What kind of relationship do we have with the necessity of getting smashed? It’s emergency and the vile need of doing it again… A strange and unverifiable routine, an indubitable tension reflecting and going through this incandescent book.

 

«At some point I woke up out of heroin, and instead of becoming confronted by my living situation, my broken marriage, and my precarious financial situation, I was instead absolutely sure that all of these things were No Longer Relevant to my existence. All that mattered was that I got some drugs to help me through the day.”
(p. 66)*

 

All along those devastating sentences, words caracole in a furious and angry rhythm. The fragments of life described in the text express the difficulty of the endured experience. Trying to give life sickness a break! It’s the pure madness of man fighting against the demons of his own extenuation. Struggling against the angel, against the demon… the annihilation of a world, the deconstruction of a reality the narrator thought he could still perceive. Like the flabby evaporation of pale necessities… junkies walking like stray dogs through the inhuman city of angels, terrified by the misfortunes of big cities.
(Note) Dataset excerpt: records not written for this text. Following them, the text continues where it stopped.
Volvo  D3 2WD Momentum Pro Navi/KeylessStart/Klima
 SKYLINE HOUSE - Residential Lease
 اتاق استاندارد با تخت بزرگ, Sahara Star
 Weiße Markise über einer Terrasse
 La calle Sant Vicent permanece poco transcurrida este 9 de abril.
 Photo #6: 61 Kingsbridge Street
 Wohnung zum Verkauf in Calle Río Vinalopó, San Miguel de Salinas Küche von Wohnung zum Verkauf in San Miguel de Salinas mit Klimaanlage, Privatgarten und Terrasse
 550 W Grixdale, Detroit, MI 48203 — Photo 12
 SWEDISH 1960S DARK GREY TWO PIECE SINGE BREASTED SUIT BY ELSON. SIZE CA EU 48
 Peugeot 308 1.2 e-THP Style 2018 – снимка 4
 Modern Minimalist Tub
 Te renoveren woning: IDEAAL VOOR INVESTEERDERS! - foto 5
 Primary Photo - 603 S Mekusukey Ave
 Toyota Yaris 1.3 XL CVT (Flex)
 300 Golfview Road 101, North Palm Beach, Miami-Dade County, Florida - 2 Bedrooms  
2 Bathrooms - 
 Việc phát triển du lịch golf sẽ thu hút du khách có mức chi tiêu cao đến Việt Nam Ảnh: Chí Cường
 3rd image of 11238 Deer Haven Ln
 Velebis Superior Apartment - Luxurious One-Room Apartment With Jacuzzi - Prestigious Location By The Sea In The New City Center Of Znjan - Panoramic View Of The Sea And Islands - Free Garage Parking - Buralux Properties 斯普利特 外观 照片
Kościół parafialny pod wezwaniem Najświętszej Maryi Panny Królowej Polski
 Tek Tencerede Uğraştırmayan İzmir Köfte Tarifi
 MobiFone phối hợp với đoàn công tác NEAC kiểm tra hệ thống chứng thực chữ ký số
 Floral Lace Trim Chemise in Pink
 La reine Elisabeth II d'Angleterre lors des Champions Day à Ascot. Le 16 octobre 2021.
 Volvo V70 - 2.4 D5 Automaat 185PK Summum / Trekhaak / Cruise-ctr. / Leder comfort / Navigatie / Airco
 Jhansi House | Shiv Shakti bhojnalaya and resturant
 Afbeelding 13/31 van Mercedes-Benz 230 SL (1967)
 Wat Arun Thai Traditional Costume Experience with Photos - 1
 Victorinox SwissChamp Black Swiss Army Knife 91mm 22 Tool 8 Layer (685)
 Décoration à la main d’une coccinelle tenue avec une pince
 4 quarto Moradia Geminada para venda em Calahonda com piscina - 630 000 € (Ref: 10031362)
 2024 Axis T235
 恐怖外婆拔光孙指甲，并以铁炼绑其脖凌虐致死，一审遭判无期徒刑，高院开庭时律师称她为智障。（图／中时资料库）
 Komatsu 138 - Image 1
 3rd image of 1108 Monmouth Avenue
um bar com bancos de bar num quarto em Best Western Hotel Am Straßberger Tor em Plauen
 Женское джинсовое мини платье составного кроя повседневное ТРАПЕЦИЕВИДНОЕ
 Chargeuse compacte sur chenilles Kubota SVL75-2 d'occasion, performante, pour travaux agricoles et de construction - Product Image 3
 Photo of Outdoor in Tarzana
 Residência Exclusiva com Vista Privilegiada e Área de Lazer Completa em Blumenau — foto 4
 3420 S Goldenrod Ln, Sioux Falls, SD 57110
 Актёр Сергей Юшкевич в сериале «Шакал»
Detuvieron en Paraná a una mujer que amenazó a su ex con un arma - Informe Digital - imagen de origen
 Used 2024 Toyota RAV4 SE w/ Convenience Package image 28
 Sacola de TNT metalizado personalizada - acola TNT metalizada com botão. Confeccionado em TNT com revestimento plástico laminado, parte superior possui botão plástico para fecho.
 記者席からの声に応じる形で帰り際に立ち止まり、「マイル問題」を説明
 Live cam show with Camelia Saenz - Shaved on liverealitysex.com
Here; into those screaming pages, a bunch of characters usually left behind are occupying a dismal front stage. Los Angeles and its outcasts!! A few lines are enough for Tony O’Neill to snatch his reader in a world of freaks, of ODs and strange deals, crackheads musicians and ruined love affairs, organisms distressed by addiction, in a world of sordid hotels and dirty apartments… Under the shadow of stars and palm trees, desolation is crawling.